**RECORDS TO USE**
☆ ☆ ☆ ☆ ☆

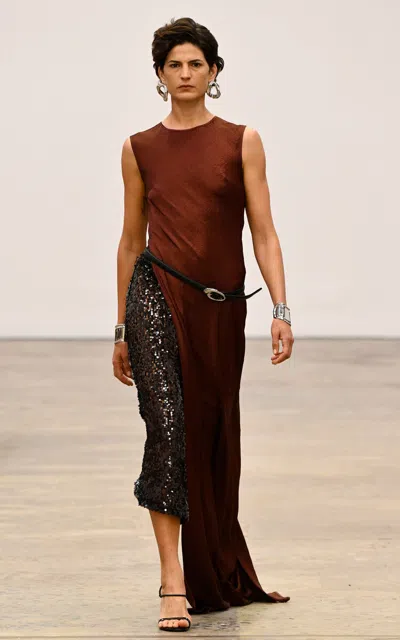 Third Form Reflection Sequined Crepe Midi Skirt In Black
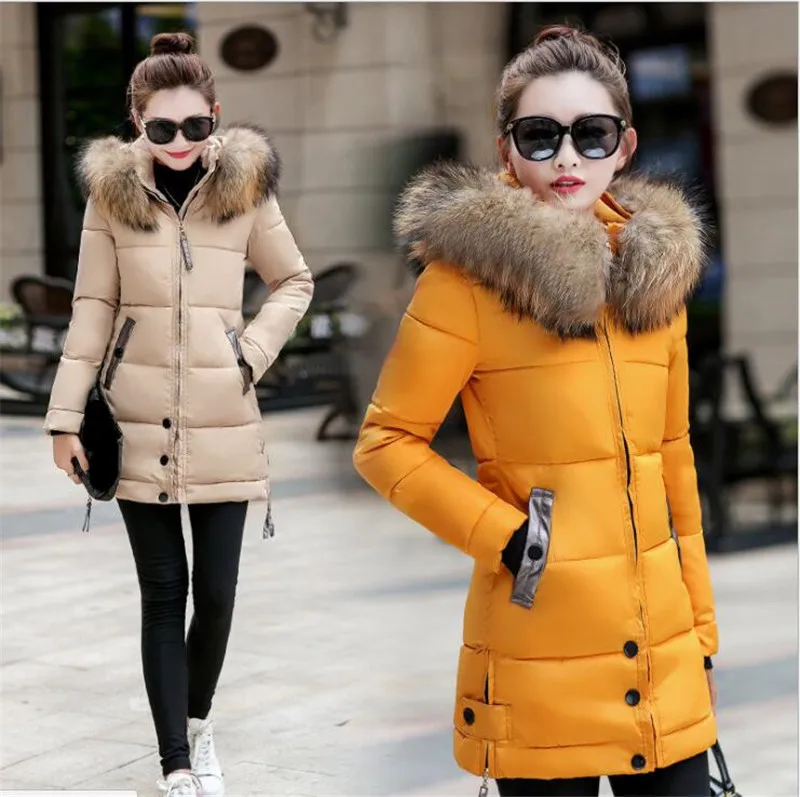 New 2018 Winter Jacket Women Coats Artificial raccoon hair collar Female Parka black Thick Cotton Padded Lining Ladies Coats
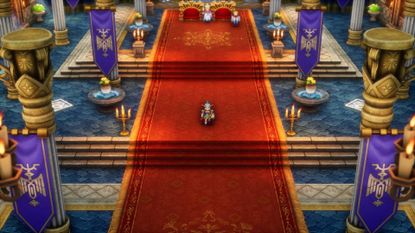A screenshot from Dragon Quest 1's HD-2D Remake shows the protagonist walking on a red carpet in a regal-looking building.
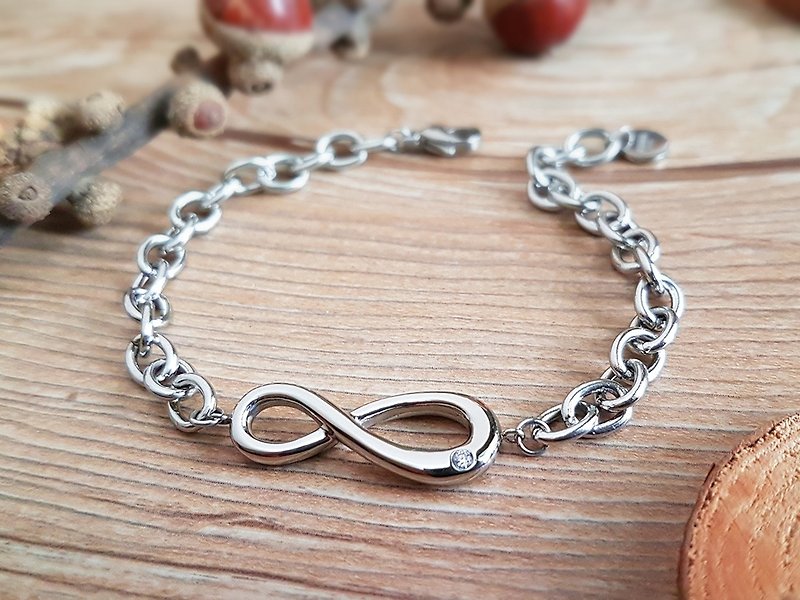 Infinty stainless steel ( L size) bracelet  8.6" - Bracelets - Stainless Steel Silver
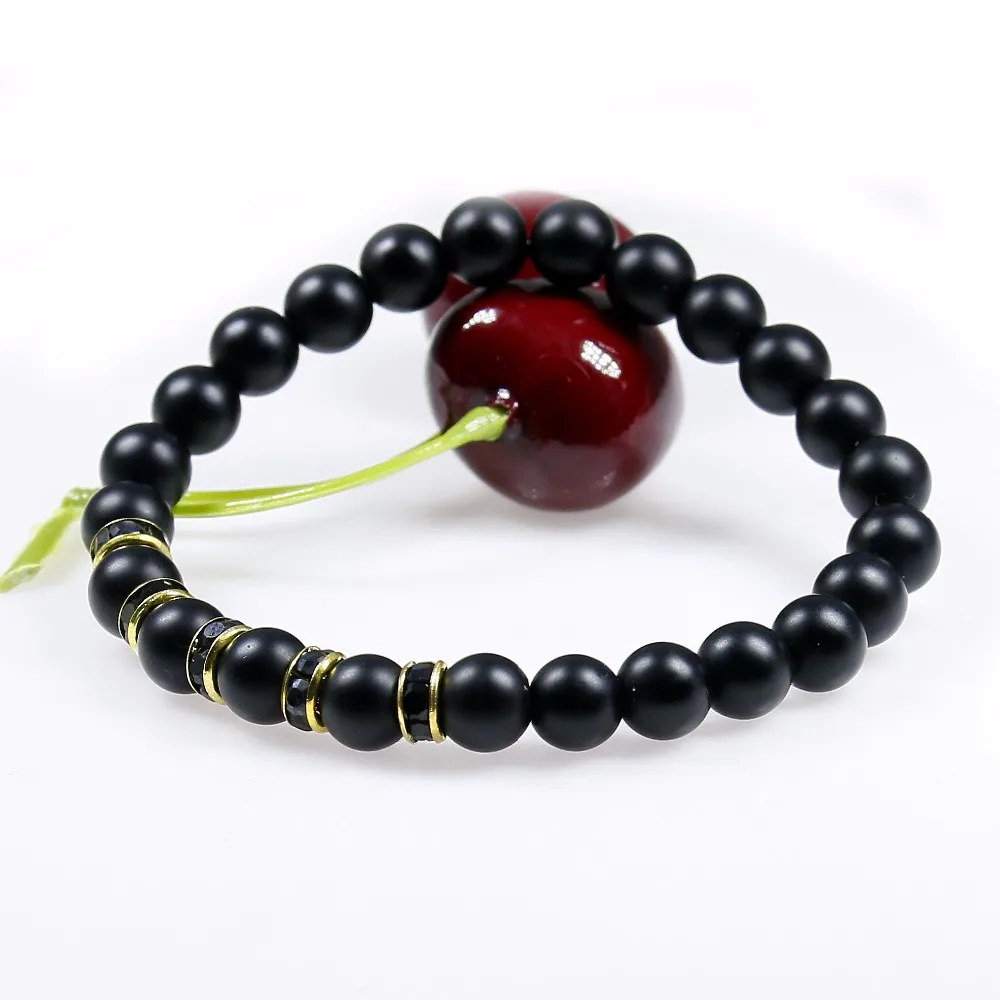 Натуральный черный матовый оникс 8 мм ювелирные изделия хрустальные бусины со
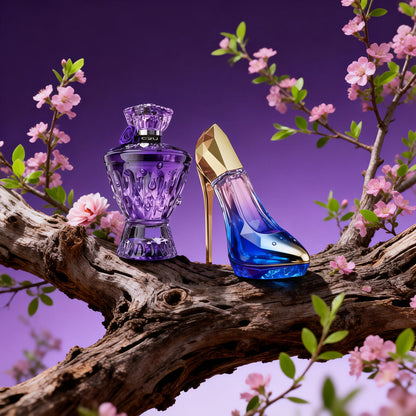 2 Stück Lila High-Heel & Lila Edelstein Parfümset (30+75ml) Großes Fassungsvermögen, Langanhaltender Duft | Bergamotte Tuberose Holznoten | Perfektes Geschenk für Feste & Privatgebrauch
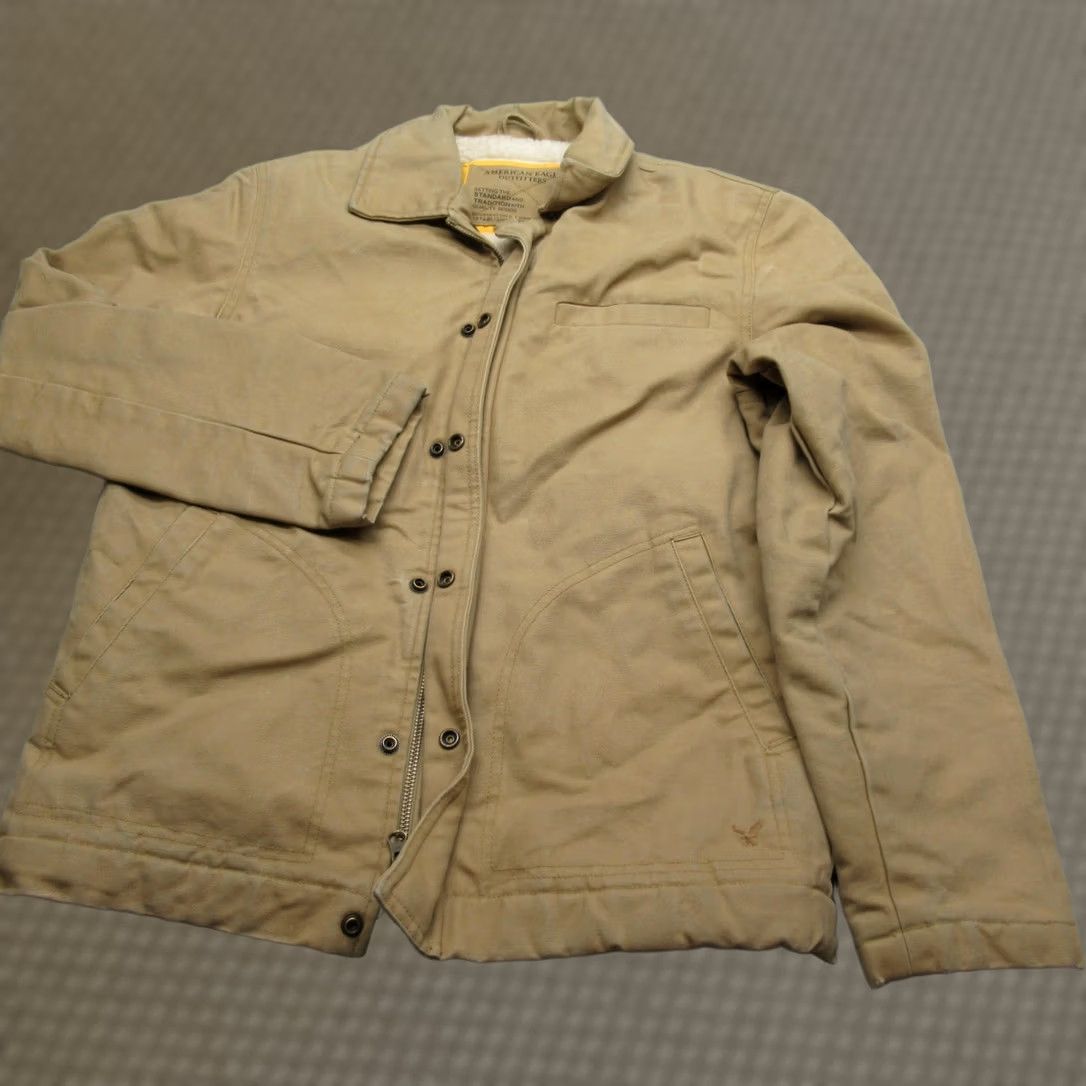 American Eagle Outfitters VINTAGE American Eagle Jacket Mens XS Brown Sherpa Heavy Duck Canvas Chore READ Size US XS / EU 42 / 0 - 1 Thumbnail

☆ ☆ ☆ ☆ ☆

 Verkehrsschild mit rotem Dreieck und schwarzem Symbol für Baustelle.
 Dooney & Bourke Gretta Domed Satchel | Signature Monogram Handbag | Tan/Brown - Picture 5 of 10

☆ ☆ ☆ ☆ ☆

**WORK TASK**
Could you transcribe the entries above word for word, from the line with "Verkehrsschild mit rotem" down to the line with "Dooney & Bourke", keeping both?

**RESPONSE BELOW**
 Verkehrsschild mit rotem Dreieck und schwarzem Symbol für Baustelle.
 Dooney & Bourke Gretta Domed Satchel | Signature Monogram Handbag | Tan/Brown - Picture 5 of 10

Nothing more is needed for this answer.